We've already addressed the meaning of "eikon," and it doesn't mean that Jesus is not God Himself. Verse 19 is clear that Christ shares full deity.

> firstborn of all creation

This doesn't mean he is the first created thing, or even created at all, but that he preceded creation (he was eternally existent). As "image" points to "revelation," so "firstborn" points to "eternal preexistence. Christ could not have been the first created thing, because that thought is contradicted by the very next verse (Col. 1.16).

> ‘God dwelled within him’, in the same sense as was imagined for Jewish prophets, priests and kings (Col. 1.15-19).

Not in the same sense at all. There is nothing in Col. 1.15-19 that leads us to your conclusion.


Rom. 1.4. This "appointment" didn't make Him the Son of God, but "declared" Him to be what He eternally was already: The Son of God, the 2nd person of the Trinity.

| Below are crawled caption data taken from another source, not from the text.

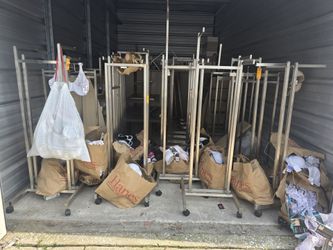 COMERCIAL RACK FOR CLOTHES ALOT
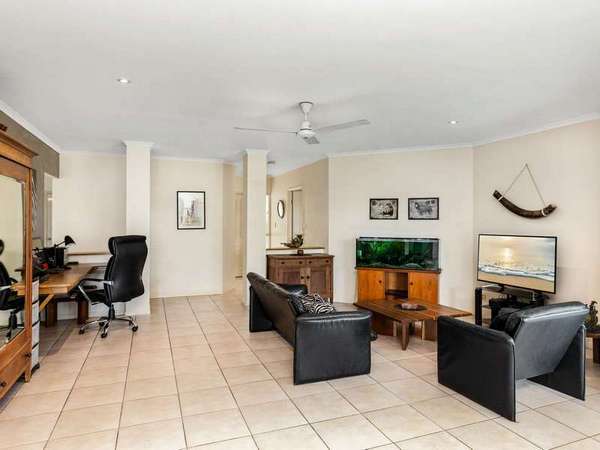 16 Pilosa Street, Redlynch - Thumbnail 6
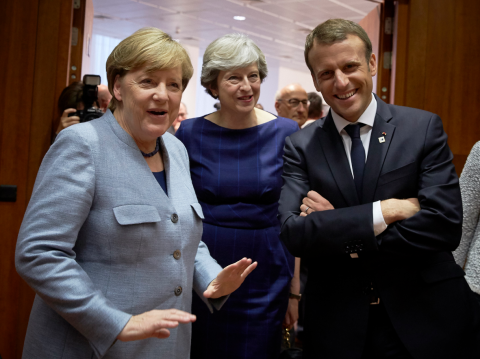 Merkel, May en Macron tijdens Europese Raad 19 oktober 2017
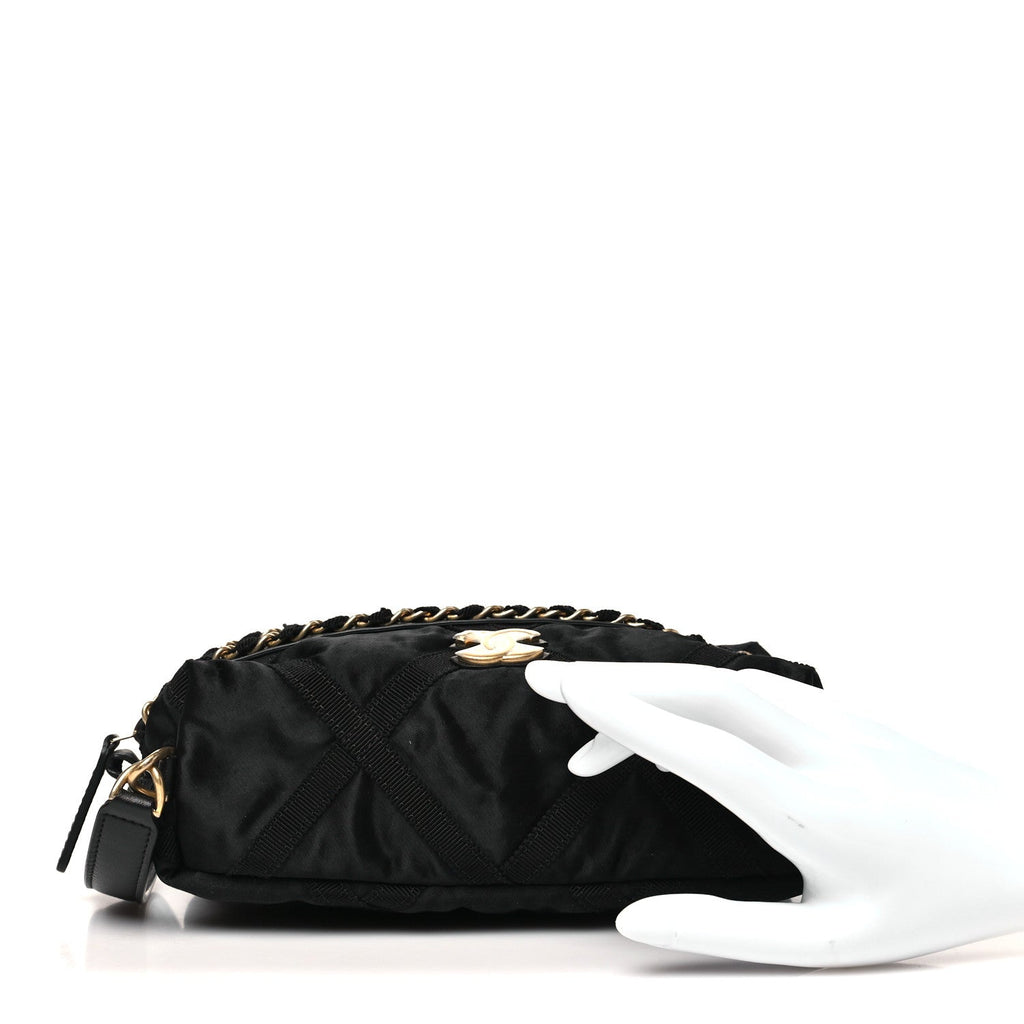 Nylon Grosgrain Lifestyle Pouch Black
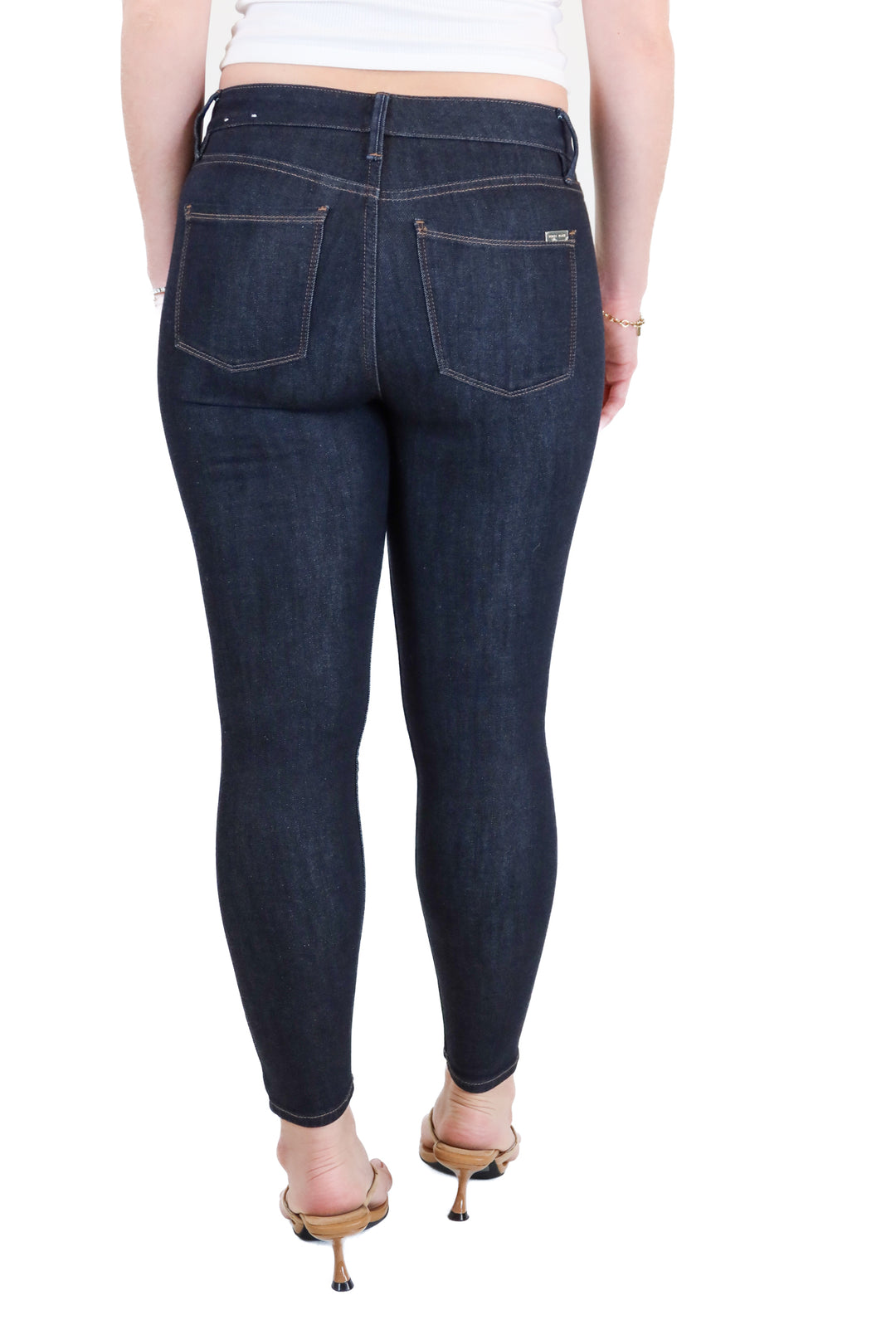 White House Black Market The Skinny Ankle Dark Blue Jeans NWT;(2 Petite; Retail $78))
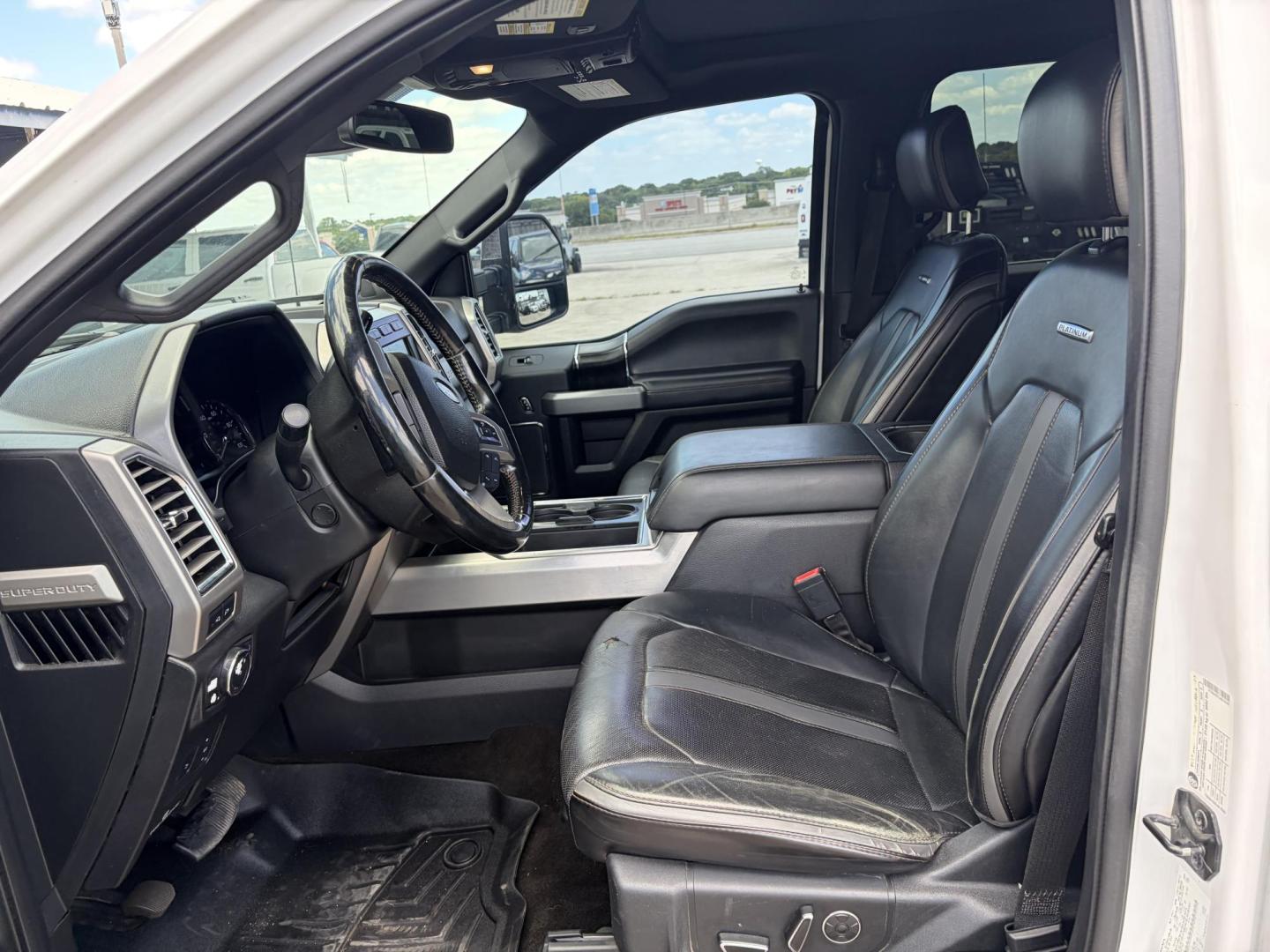 2018 White Ford F-450 SD Platinum Crew Cab DRW 4WD (1FT8W4DT5JE) with an 6.7L V8 OHV 16V DIESEL engine, 6A transmission, located at 1687 Business 35 S, New Braunfels, TX, 78130, (830) 625-7159, 29.655487, -98.051491 - Photo#11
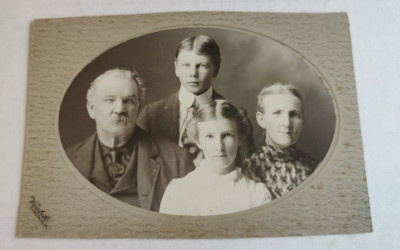 Vintage Cabinet Card Tabe Packal Family by Veatch in Cedar Falls, Iowa
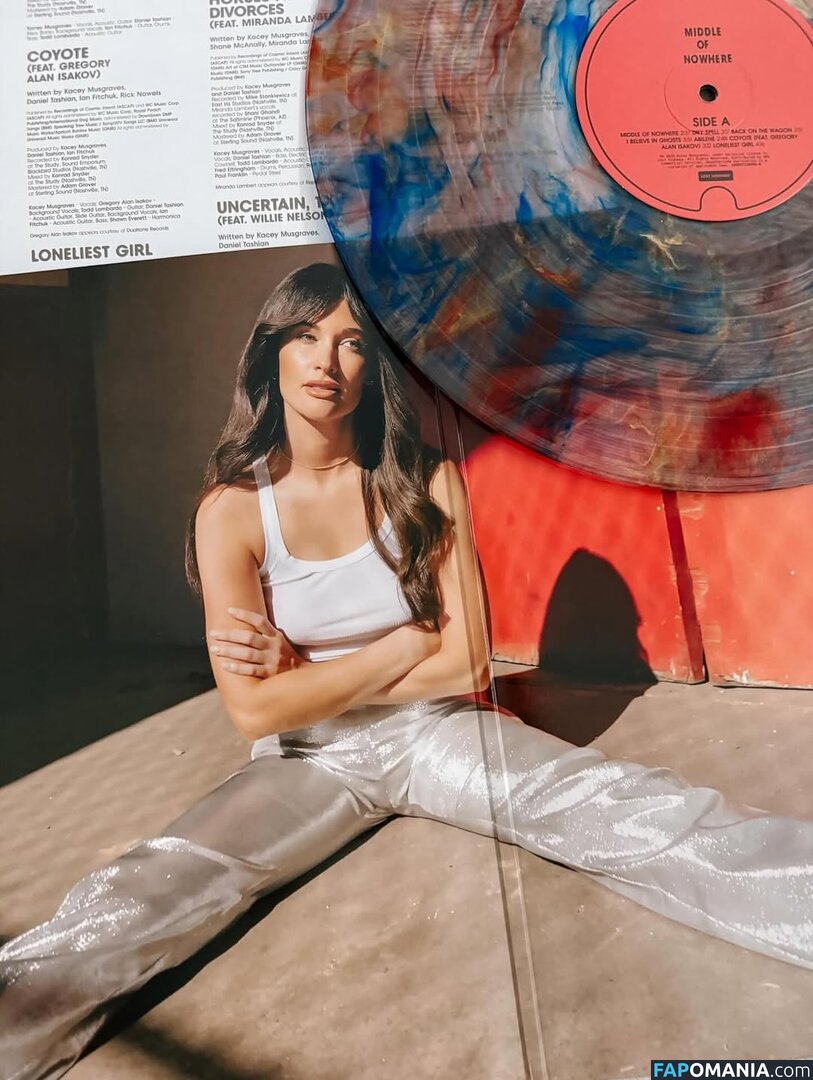 Kacey Musgraves / heavenlyyhazel / spaceykacey Nago OnlyFans  Przeciekłe zdjęcie #14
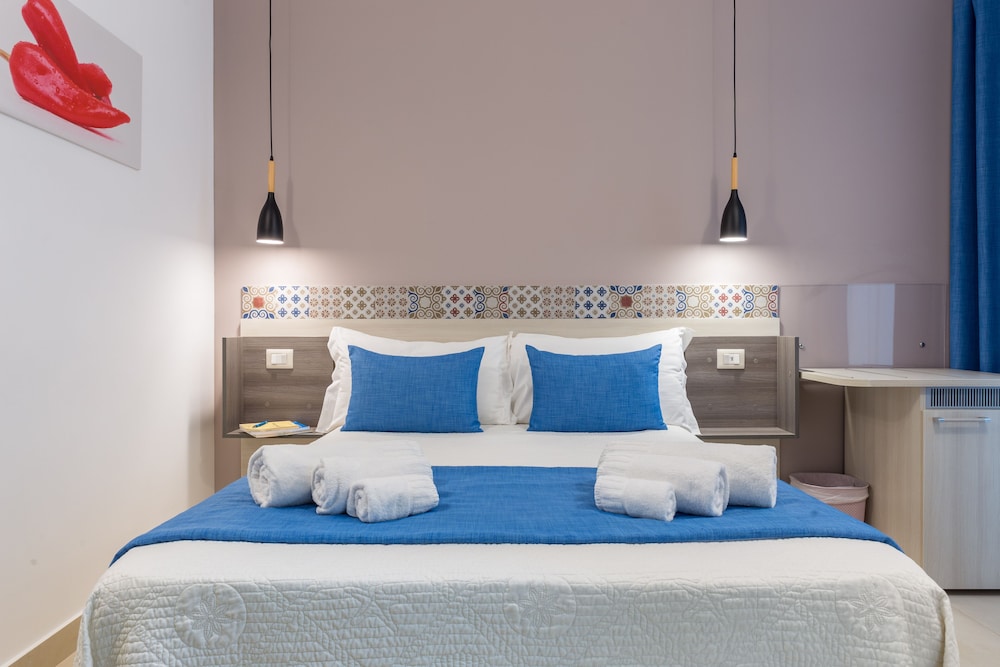 Deluxe Triple Room, 1 Bedroom, Refrigerator photo 2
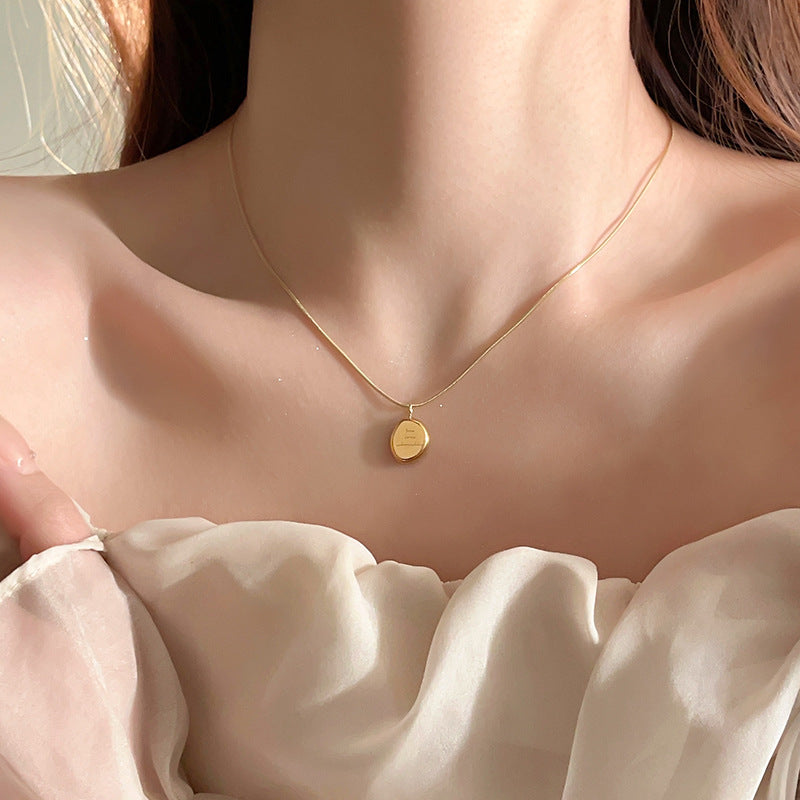 Collana dorata con pendente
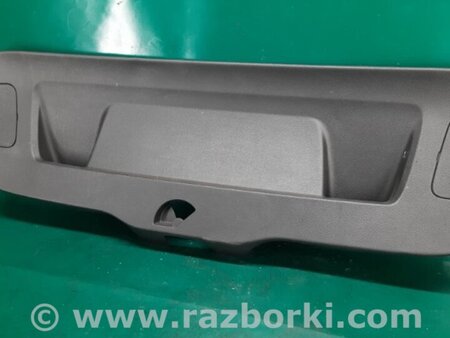 ФОТО Обшивка кришки багажника для Volkswagen Passat B8 (07.2014-...) Киев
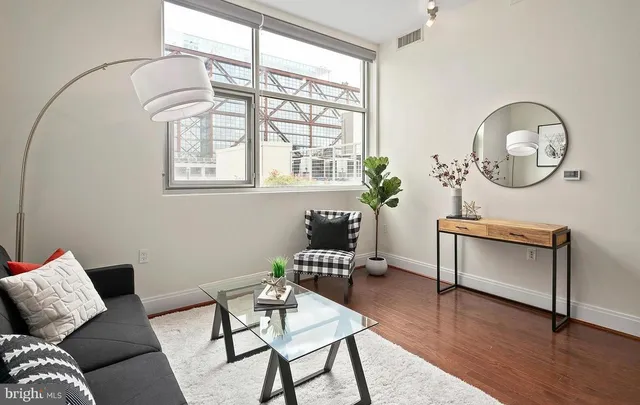$3,200 | 919 Florida Avenue Northwest, Unit 103, Washington, DC 20001
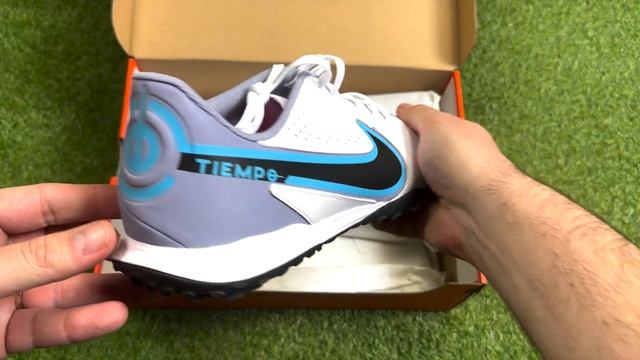 Nike Tiempo Legend 9 Academy TF Blast смотреть онлайн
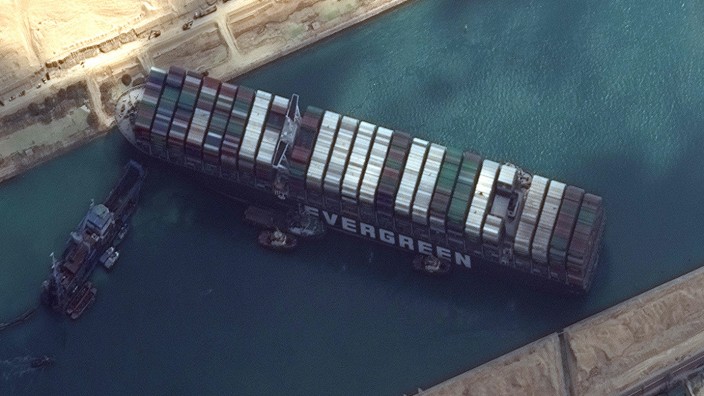 Suezkanal: Verzwickte Lage: Die Schifffahrt auf dem Kanal war eingestellt worden, nachdem das etwa 400 Meter lange Schiff auf Grund gelaufen war.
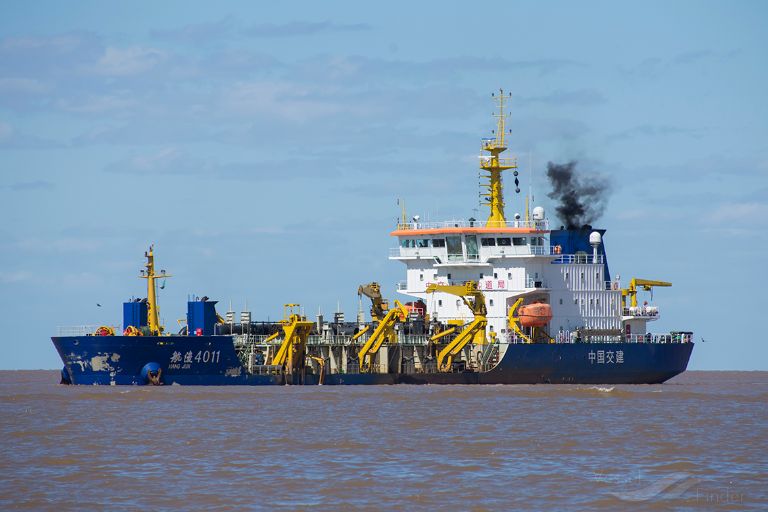 hangjun4011 (Hopper Dredger) - IMO 9318292, MMSI 412045240, Call Sign BQDE under the flag of China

A.T. Robertson says, "He was the Son of God in his pre-incarnate states (2 Cor. 8.9; Phil. 2.6) and still so after his incarnation (Rom. 1.3), but it was the resurrection of the dead that definitely marked Jesus off as God's Son because of his claims about himself as God's Son and his prophecy that he would rise on the third day. This event (1 Cor. 15) gave God's seal 'with power.' The resurrection of Christ is the miracle of miracles. 'The resurrection only declared him to be what he truly was' (Denny)."

So, my conclusion is that you have mistaken and misinterpreted every single text and have drawn the wrong conclusion from your misunderstandings. Paul believes very strongly in the Trinity.